Wilson 160; Hoover 21

Against a black background of public disaster Herbert Clark Hoover made his reputation. War relief in Belgium, food relief in Eastern Europe, flood relief along the Mississippi popularized him for the Presidency. Improved Social Conditions was his campaign theme-song. Once in the White House, he continued to work for human betterment, appointed a commission on Child Welfare, commission on Illiteracy, commission on Social Trends. He and his friends have made two million private dollars available to finance these unofficial surveys.

Against the bright background of peace such welfare work does not easily dramatize into news. Interested chiefly in shining, tangible results, the public is no more conscious of some of the things closest to President Hoover's heart than it was conscious, for example, of Secretary of Commerce Hoover's standardization of the sizes of U. S. nuts & bolts.

Popular incomprehension did not, however, deter President Hoover last week from announcing another volunteer survey commission. The White House conference on home building & home ownership, composed of representatives of 19 national organizations under Secretary of Commerce Lament, will, at the President's request, make "a study of the problems presented . . .; with the hope of inspiring better organization and removal of influences which seriously limit the spread of home ownership." Subjects: finance, design, equipment, city planning, transportation. President Hoover wanted to know why second mortgages on homes now often cost 25% per year.

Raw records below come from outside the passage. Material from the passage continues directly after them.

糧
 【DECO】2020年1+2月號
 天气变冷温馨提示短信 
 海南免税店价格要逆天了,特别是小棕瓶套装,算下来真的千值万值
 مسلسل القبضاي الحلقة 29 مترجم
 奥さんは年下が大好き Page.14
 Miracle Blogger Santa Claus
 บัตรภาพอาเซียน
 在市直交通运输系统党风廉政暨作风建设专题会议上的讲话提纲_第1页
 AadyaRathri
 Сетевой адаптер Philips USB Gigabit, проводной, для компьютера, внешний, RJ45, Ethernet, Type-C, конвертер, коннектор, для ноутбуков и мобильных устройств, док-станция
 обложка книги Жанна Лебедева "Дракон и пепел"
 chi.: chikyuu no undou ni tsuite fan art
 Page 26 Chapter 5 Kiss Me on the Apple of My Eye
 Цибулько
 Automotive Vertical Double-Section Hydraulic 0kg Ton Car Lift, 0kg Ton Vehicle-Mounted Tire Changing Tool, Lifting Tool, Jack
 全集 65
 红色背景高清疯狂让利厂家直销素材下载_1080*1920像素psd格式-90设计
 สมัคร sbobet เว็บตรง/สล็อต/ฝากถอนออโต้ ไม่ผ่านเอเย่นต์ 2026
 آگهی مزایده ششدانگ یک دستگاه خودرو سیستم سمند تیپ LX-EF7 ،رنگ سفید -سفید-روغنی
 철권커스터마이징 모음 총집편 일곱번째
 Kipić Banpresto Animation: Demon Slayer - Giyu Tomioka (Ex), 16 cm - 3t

P: Last week President Hoover named three other commissions to make special investigations: 1) To advise the Government Departments on methods for revision of the statistical services for the determination of unemployment and to establish the method of co-operation between government departments and business. 2) To investigate the whole question of bankruptcy law and practice, to propose to Congress some essential reforms. 3) To study the practicability of a road from the U. S. to Alaska through and with the aid of Canada. Declared President Hoover: "To some who are anxious over the appointment of temporary committees and commissions . . . we may suggest they are not a new necessity in government. President Roosevelt created 107 of them, President Taft 63, President Wilson 160, President Harding 44, President Coolidge 118. . . . I shall appoint others." Hoover commissions to date: 21.